Friday, January 26, 2018

Mass. Museums & Adirondack Skiing, Day One

Friday, January 26, 2018 - Massachusetts Museums (plus a little extra!). Early this morning I took Wendy and Ellie to Logan Airport for a Jet Blue flight to Naples, Florida for 4 days of fun-in-the-sun! I had "the Adirondacks" in the back of my mind, and when I asked a friend about "skiing in the Adirondacks?" last week, he said "Wasn't there a Winter Olympics there? ... Of Course - Lake Placid! [both in 1932 and 1980] The ski mountain associated with Lake Placid is Whiteface, so I went online, booked the Super 8 in Ticonderoga for Friday night, and bought a Whiteface ski ticket for Saturday - a gamble, I know - it could be FREEZING, or raining, or whatever. We'll see.

So I had Friday mapped out:


8 hours and 17 minutes, to go 426 miles - my kind of day!

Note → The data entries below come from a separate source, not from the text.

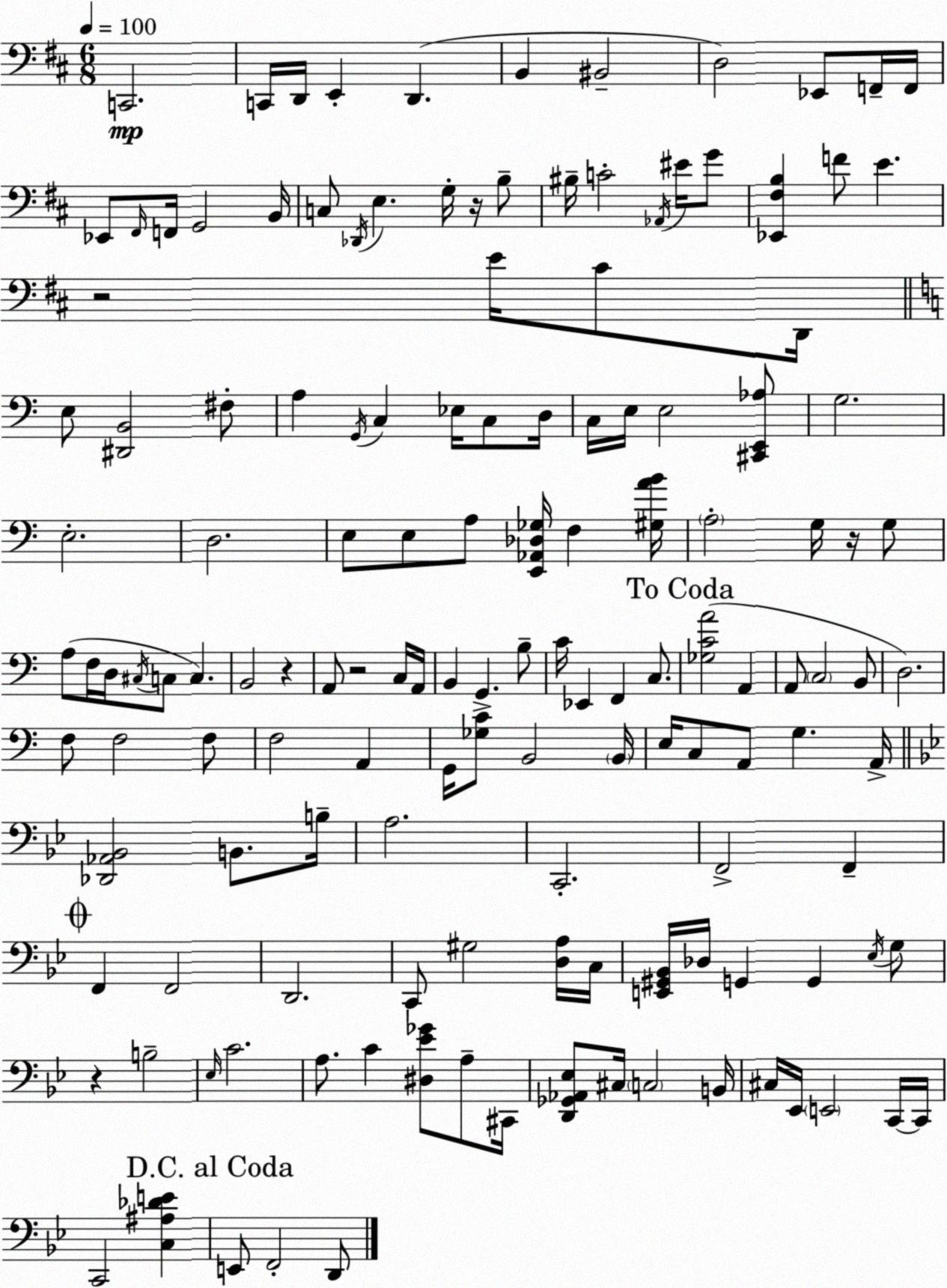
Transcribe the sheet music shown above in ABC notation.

X:1
T:Untitled
M:6/8
L:1/4
K:D
C,,2 C,,/4 D,,/4 E,, D,, B,, ^B,,2 D,2 _E,,/2 F,,/4 F,,/4 _E,,/2 ^F,,/4 F,,/4 G,,2 B,,/4 C,/2 _D,,/4 E, G,/4 z/4 B,/2 ^B,/4 C2 _A,,/4 ^E/4 G/2 [_E,,^F,B,] F/2 E z2 E/4 ^C/2 D,,/4 E,/2 [^D,,B,,]2 ^F,/2 A, G,,/4 C, _E,/4 C,/2 D,/4 C,/4 E,/4 E,2 [^C,,E,,_A,]/2 G,2 E,2 D,2 E,/2 E,/2 A,/2 [E,,_A,,_D,_G,]/4 F, [^G,AB]/4 A,2 G,/4 z/4 G,/2 A,/2 F,/4 D,/4 ^C,/4 C,/2 C, B,,2 z A,,/2 z2 C,/4 A,,/4 B,, G,, B,/2 C/4 _E,, F,, C,/2 [_G,CA]2 A,, A,,/2 C,2 B,,/2 D,2 F,/2 F,2 F,/2 F,2 A,, G,,/4 [_G,C]/2 B,,2 B,,/4 E,/4 C,/2 A,,/2 G, A,,/4 [_D,,_A,,_B,,]2 B,,/2 B,/4 A,2 C,,2 F,,2 F,, F,, F,,2 D,,2 C,,/2 ^G,2 [D,A,]/4 C,/4 [E,,^G,,_B,,]/4 _D,/4 G,, G,, _E,/4 G,/2 z B,2 _E,/4 C2 A,/2 C [^D,_E_G]/2 A,/2 ^C,,/4 [D,,_G,,_A,,_E,]/2 ^C,/4 C,2 B,,/4 ^C,/4 _E,,/4 E,,2 C,,/4 C,,/4 C,,2 [C,^A,_DE] E,,/2 F,,2 D,,/2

A couple of years ago Wendy and I went down to New Bedford to see the art at the New Bedford Free Public Library (3 BEAUTIFUL Albert Bierstadt paintings) and the New Bedford Whaling Museum (amazing selection of William Bradford Arctic paintings!!). This was before my "call ahead" method-of-operation, so, of course, all 3 Bierstadt's were out in Connecticut being cleaned; But NOW THEY'RE BACK! After a hot chocolate at the Dunkin' Donuts at 24/495, I got down to New Bedford a little after 9:

The Art Room on the top floor is a pretty cool space:


a combination gallery/working space/storage area.

And the Bierstadts are WONDERFUL:
Sunset Light, Wind River Range of the Rocky Mountains, 1861


"Sunset near the Platte River" or "Salt Lick at Sunset Glow", 1870-1886


Mount Sir Donald, 1889

(the space was a little tight to take a photo.)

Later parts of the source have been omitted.